А кто в скиту? Старец Гермон, над чужими душами кудесящий, да вор Яшка-Фармазон — это столпы веры, что ли, расколоучители, праведники? Истяжельство — Оста-шин ли толк? Да и толк ли вообще — вдруг ересь? Мало ли, что Мирон Галанин признал истяжельчество толком — Невьянскийто собор его отринул! За что жизнь отдавать?
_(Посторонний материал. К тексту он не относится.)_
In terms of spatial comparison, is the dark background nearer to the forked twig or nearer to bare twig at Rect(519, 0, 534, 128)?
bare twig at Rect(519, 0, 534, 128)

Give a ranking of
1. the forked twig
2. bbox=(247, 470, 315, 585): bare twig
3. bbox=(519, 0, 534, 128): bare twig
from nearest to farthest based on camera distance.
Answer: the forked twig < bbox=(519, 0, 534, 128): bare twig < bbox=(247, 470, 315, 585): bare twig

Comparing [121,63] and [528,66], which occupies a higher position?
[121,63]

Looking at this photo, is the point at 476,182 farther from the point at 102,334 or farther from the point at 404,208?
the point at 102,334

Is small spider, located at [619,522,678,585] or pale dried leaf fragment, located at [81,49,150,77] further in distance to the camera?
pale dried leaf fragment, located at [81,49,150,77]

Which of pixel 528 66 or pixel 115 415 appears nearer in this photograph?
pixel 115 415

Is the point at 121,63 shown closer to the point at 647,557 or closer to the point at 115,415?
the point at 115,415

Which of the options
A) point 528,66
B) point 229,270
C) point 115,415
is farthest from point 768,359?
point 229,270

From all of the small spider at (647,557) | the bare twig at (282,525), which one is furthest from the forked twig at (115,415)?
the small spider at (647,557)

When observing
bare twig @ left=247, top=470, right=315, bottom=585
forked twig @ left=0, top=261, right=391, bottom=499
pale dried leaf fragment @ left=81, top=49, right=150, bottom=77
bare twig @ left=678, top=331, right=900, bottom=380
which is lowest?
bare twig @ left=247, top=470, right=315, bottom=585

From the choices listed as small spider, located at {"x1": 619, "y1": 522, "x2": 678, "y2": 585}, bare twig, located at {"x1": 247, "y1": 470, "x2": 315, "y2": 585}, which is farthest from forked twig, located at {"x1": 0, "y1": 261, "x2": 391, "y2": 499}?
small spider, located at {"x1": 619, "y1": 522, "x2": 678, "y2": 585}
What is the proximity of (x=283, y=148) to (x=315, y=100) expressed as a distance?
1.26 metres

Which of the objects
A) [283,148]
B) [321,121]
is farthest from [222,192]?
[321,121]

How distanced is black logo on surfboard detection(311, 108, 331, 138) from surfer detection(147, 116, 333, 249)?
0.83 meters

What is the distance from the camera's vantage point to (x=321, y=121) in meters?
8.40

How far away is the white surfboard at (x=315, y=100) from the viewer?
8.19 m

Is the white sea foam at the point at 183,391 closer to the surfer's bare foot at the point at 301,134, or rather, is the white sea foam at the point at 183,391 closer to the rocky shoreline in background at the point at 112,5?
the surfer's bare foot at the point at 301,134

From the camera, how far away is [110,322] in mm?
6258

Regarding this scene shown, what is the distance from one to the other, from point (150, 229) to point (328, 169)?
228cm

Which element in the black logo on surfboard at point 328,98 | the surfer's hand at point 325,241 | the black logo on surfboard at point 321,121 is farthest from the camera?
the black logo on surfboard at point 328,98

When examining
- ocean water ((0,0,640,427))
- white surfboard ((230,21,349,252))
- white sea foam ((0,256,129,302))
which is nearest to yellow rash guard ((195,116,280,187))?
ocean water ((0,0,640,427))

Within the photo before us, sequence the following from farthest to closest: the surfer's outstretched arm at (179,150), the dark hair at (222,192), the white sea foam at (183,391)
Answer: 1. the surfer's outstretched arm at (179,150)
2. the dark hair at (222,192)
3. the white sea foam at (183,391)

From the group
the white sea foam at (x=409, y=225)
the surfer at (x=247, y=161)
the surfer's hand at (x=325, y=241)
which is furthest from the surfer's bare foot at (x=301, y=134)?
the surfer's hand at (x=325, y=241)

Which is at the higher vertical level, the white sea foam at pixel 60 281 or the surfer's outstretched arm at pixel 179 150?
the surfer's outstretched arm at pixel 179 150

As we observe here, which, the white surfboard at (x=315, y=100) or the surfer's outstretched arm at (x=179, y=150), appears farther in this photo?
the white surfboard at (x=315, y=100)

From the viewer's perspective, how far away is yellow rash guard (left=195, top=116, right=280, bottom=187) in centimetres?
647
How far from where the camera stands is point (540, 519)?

Он-то, Осташа, за невыдачу скита может сгинуть на каторге, да разве в Вайлугином скиту его хоть раз помянут? И выдашь скит — ведь не погонят истяжельцев в Сибирь. Оброком двойным обложат, как царь Петр велел, и только. Не зря же тех раскольников, кто властям известен, зовут двоеданами.
Все равно мало утешало… И даже не утешало совсем. Все праздничное великолепие зимы на Серебряной словно бы надменно смеялось над Осташей.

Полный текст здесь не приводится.